The report contains significant amendments compared with the original draft prepared by the European Commission in January 2012. In the same time, the currently adopted version did not include or softened down a number of very strict provisions written into the very first draft report published by LIBE’s rapporteur, Jan Philipp Albrecht, in December 2012. The following changes to the previous drafts are of particular note:
- The Parliament’s draft proposes that sanctions could be as high as €100,000,000 or 5% of annual global turnover (whichever is the greater), compared with the Commission’s proposal of €1,000,000 or 2% of annual global turnover.

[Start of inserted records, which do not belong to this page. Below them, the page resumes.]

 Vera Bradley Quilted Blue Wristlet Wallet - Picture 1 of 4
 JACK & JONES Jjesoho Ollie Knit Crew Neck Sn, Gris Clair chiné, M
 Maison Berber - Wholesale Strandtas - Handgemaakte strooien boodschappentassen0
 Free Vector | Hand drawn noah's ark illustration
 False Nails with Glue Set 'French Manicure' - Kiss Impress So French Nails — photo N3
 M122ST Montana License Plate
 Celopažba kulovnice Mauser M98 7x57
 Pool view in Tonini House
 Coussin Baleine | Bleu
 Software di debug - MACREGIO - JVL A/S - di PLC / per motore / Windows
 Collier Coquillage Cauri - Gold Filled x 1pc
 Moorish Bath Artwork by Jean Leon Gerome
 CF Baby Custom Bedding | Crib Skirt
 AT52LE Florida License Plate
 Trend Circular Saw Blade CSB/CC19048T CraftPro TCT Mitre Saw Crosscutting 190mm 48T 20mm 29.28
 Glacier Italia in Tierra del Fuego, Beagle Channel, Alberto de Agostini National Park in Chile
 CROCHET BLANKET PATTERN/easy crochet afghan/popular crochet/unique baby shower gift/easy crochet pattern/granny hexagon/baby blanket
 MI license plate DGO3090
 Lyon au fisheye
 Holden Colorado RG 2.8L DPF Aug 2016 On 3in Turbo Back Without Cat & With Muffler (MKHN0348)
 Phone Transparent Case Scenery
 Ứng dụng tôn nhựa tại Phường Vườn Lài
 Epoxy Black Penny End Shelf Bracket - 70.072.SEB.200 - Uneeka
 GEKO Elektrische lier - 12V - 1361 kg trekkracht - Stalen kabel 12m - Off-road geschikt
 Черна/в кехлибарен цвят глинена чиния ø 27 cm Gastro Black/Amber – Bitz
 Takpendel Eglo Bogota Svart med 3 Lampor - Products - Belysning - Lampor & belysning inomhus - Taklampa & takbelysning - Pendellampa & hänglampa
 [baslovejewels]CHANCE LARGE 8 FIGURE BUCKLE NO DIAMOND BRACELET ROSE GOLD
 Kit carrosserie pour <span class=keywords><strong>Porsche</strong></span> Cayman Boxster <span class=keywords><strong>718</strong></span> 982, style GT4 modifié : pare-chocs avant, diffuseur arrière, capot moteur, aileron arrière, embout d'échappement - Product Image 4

- Compliance programs and accountability will be taken into account when applying sanctions;
- Sanctions can include the obligation to perform periodic audits;
- The conditions for consent have been tightened up. In particular, consent cannot be tied to a contract;
- “Legitimate interest” remains in the regulation as a valid basis for most kinds of processing (except for sensitive data and profiling);
- Data portability stays in the regulation, but it is merged with the article on right of access;
- The “right to be forgotten” is relabelled “right to erasure,” but its provisions are for the most part unchanged;
- The rules on jurisdiction are essentially unchanged from the Commission’s draft. A data controller located outside the European Union will be subject to the regulation if the data controller “offers goods or services” to data subjects in the EU, or “monitors” them;
- The one-stop shop mechanism is maintained, except that consumers may always complain to their local DPA, instead of being obligated to go to the main DPA responsible for the controller’s activities;
- A data protection officer would be obligatory for any company processing personal data relating to 5,000 data subjects or more during any consecutive 12-month period;
- Data breaches would have to be reported “without undue delay,” with a presumption that 72 hours is “without undue delay”;
- A data protection risk analysis would become obligatory for any processing involving more than 5,000 data subjects during any consecutive 12-month period, or any other kind of risky processing;
- Extensive new provisions have been inserted on data processing in the employment context;
- Transfer of personal data to countries outside the EEA is made more difficult, particularly if a proposed transfer is in response to a request from a court or an administrative authority of a third country. A firm would first have to get permission from the local DPA. This amendment is a response to the concerns triggered by the Snowden disclosures on NSA surveillance; and
- Data controllers must use standardized symbols to tell consumers how their data is handled:
The vote now permits the Parliament to proceed to the trialogue negotiation with the Council and Commission once the Council has reached an agreed position. Previously the high number of amendments (approximately 4,000) proposed by the Parliament to the legislation had given rise to concerns that the Regulation would not be passed before the next European elections. Now that the European Parliament has made its position known, pressure will shift to the Member State governments to reach agreement on a position within the European Council. Once a common position is reached, negotiations can begin with the European Parliament and Commission.
We will follow up with a detailed analysis of the new draft provisions.